Isn’t it time we had a voting system that doesn’t give equal weight of votes to San Marino or Andorra and larger nations that actually pay for this competition (such as Britain)?
And maybe next year, just to show how warped the whole thing is, we should have Elton John as our entrant just so when he doesn’t win we can expose the competition for the absurdity that it now has become?
And he’s entirely right.
But that was timestamped 9:48pm. Is Blaney’s Blarney ahead of itself.
[23:12] Cue Nationalistic Rant from Blaney …. maybe.
[23:09] Tel: I’m saying good-bye to Kevin Bishop. We have to decide whether we want to do this again.
SCOOP: WOGAN PLANS RETIREMENT.
Tel: Western Europe has to decide whether they want to do this again. Their prospects are poor.
SCOOP: WESTERN EUROPE MAY RETIRE FROM EUROVISION
[23:07] Danish votes: Scandinavian incest confirmed.

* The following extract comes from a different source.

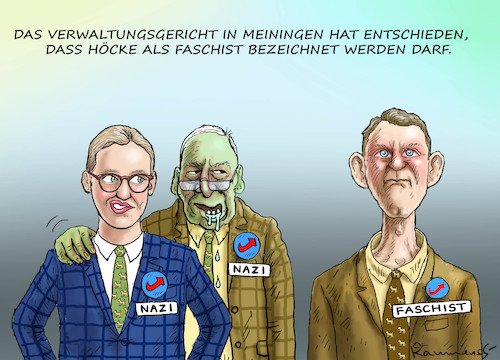 GUTE NACHRICHTEN GUTE NACHRICHTEN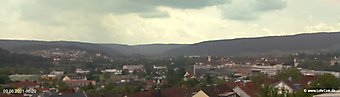 lohr-webcam-09-06-2021-16:20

[23:06] Wogan the Slogan: Do you remember “The Brides of Frankenstein”. Hmmm.
[23:03] El Tel: “The Russians are out of sight.” Please, God…
[22:55] I reckon that there is one corresponding to Brit pop culture for each of the last 43 years…
[22:51] A late entry from Gorgeous self-important demagogue and all-round sick joke George Galloway MP:
[22:47] The Norwegian presenter of votes can’t stop giggling. Is she being goosed off camera?
[22:43] Why did the Russian act have a bloke on roller skates?
Hungarian presenter of results is in dazzle camouflage - who is she hiding from?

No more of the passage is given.